- **Goal of the exercise**: Please restate word for word the lines of the entries below from the one with "Clip Art Brand" to the one with "Бра Lucide Alec 03246/03/30 цвет черный", inclusive, and leave out every picture.

- **Records for this task**:
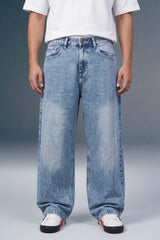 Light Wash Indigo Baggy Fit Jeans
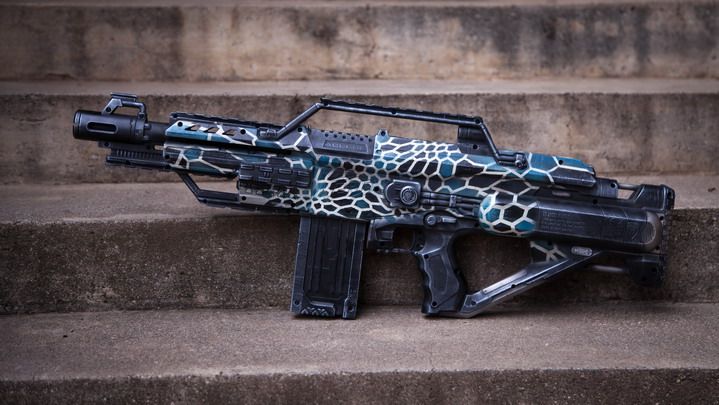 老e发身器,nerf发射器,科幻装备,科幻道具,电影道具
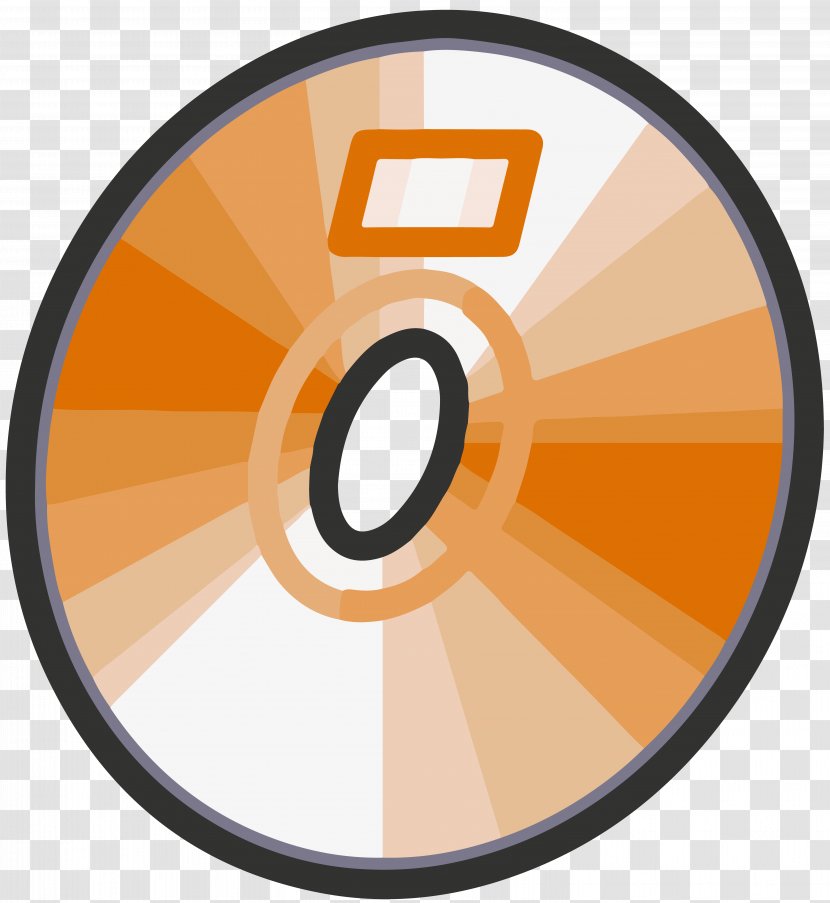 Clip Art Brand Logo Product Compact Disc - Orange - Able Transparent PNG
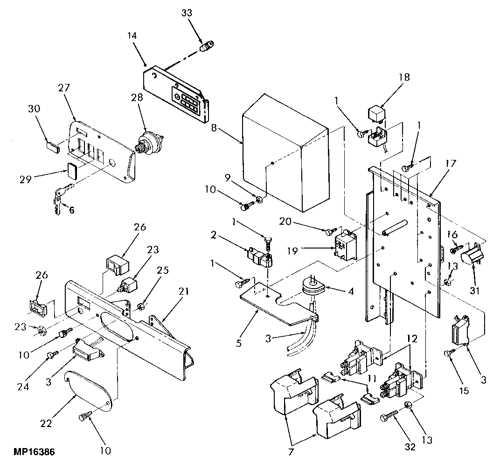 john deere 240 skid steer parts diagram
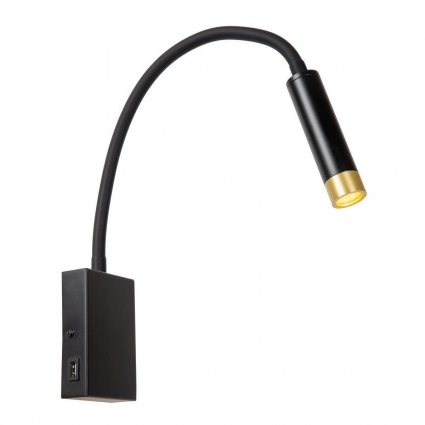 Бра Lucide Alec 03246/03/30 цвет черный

--

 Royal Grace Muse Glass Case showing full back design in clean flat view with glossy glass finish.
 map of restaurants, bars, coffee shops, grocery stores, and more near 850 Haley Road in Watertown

- **Solved problem**:
 Clip Art Brand Logo Product Compact Disc - Orange - Able Transparent PNG
 john deere 240 skid steer parts diagram
 Бра Lucide Alec 03246/03/30 цвет черный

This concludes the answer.